Burying short sections of power lines would drastically reduce hurricanes' future impact on coastal residents
As Earth warms due to climate change, people living near the coasts not only face a higher risk of major hurricanes, but are also more likely to experience a subsequent heat wave while grappling with widespread power outages.
Princeton researchers have investigated the risk of this compound hazard occurring in the future under a "business-as-usual" climate scenario, using Harris County, Texas, as an example. They estimated that the risk of undergoing at least one hurricane-blackout-heat wave lasting more than five days in a 20-year span would increase 23 times by the end of the century. But there is some good news: Strategically burying just 5% of power lines—specifically those near main distribution points—would almost halve the number of affected residents.
Heat waves are the deadliest type of weather event and can become even more dangerous when regions that rely on air conditioning lose power. Historically, a heat wave following a hurricane has been rare, because the risk of extreme heat usually passes before the peak of the Atlantic hurricane season in late summer. As global temperatures rise, however, heat waves are expected to occur more often and hurricanes are likely to become more common and more severe, increasing the odds of hurricane-blackout-heat wave events.
"Hurricane Laura in 2020 and Hurricane Ida in 2021 both had heat waves following them after they destroyed the power distribution network," said Ning Lin, associate professor of civil and environmental engineering, who led the study. "For this compound hazard, the risk has been increasing, and it is now happening."
In a new study, published July 30 in Nature Communications, Lin and her coauthors looked at the risks associated with the compound hazard and how infrastructure changes could mitigate the potentially deadly effects. They combined projections of how often and when hurricanes and heat waves would strike in the future with estimates of how quickly power could be restored in areas with outages after a major storm.
The team chose Harris—the home of Houston—as their model county because it has the highest population density of any city on the Gulf Coast. Hurricanes Harvey and Ike both walloped Houston, causing an estimated 10% of residents to lose power.
The researchers found that the percentage of Harris residents expected to experience at least one hurricane-blackout-heat wave longer than five days within two decades would grow from a present risk of 0.8% to a future risk of 18.2% by the end of the century. Different parts of the county will likely suffer more than others, however, with rural residents facing a higher risk of extended outages.
The team also considered power grid improvements that would reduce the impact of a hurricane-blackout-heat wave for residents. Burying 5% of wires near the roots of the distribution network would reduce the expected percentage of residents without power from 18.2% to 11.3%.

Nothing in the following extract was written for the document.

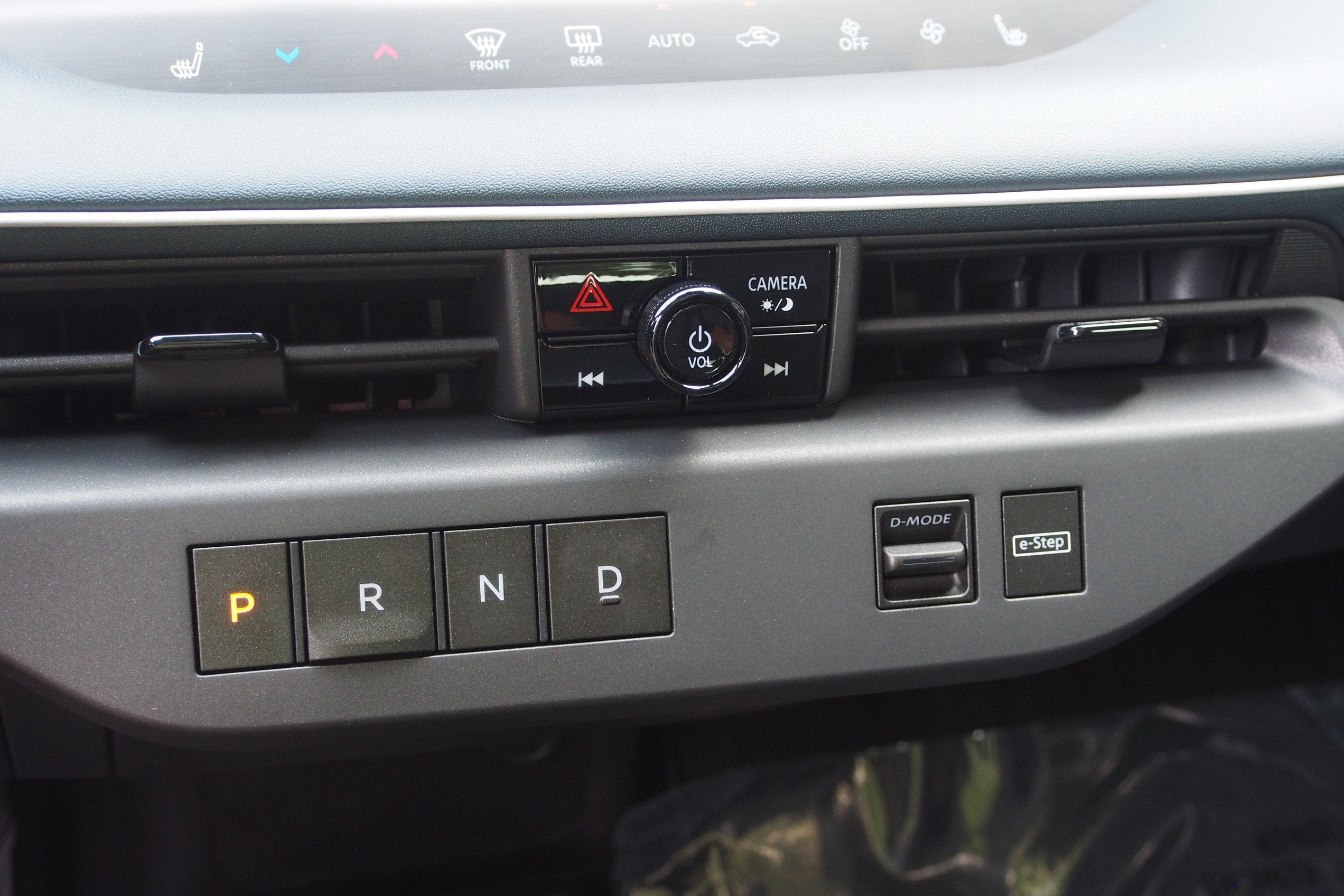 2026 Nissan LEAF PLATINUM+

"Mostly, our current practice is randomly burying lines," Lin said. "By burying lines more strategically, we can be more efficient and more effective at reducing the risk."
This type of analysis can help city planners understand where residents will be most at risk of a hurricane-blackout-heat wave and to identify targeted improvements to their power distribution system that can best diminish the impact.

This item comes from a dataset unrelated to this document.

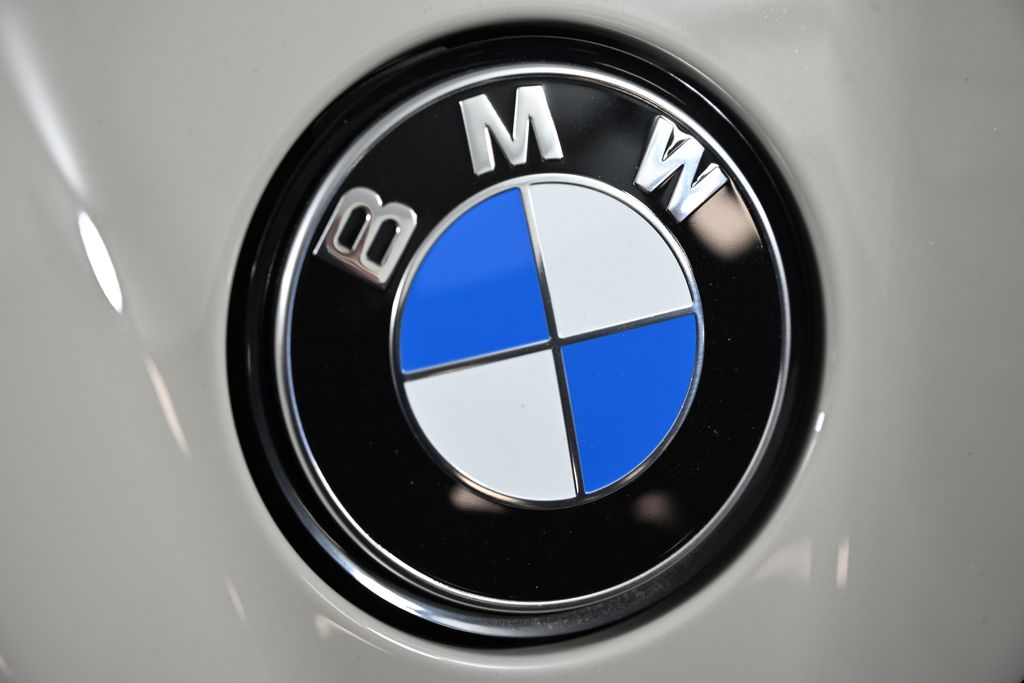 Thumbnail: 2026 BMW iX - 13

"This is a very important work," said Lei Zhao, an assistant professor in the Department of Civil and Environmental Engineering at the University of Illinois Urbana-Champaign who was not involved with the research. "This paper not only provides the projections; it connects the extremes with real-world impacts."
He said that one take-home message from the work is that climate modelers, engineers and city planners need to work together to mitigate the risks faced by the almost 30% of the U.S. population that lives in coastal counties. "Nowadays, we encounter some extremes almost every year," he said. "People are realizing it's not just infrastructure design, it needs to be climate-informed infrastructure design."
The current study examines the problem of compound hazards at the county level, but Lin's group is working to scale up the analysis to entire states. They are looking for ways to reduce the computational demands of the analysis, because as they expand the geographic area, physics-based power system modeling becomes computationally taxing.
More generally, the new work highlights the need to think about the intersections of different hazards and how they may worsen under climate change.
"Climate can drive multiple hazards with compound effects that we don't understand, and that may be new to us in the future," Lin said. "Considering this kind of compounding of multiple climate hazards and infrastructure vulnerability is an important direction both for the research community and for decision-making."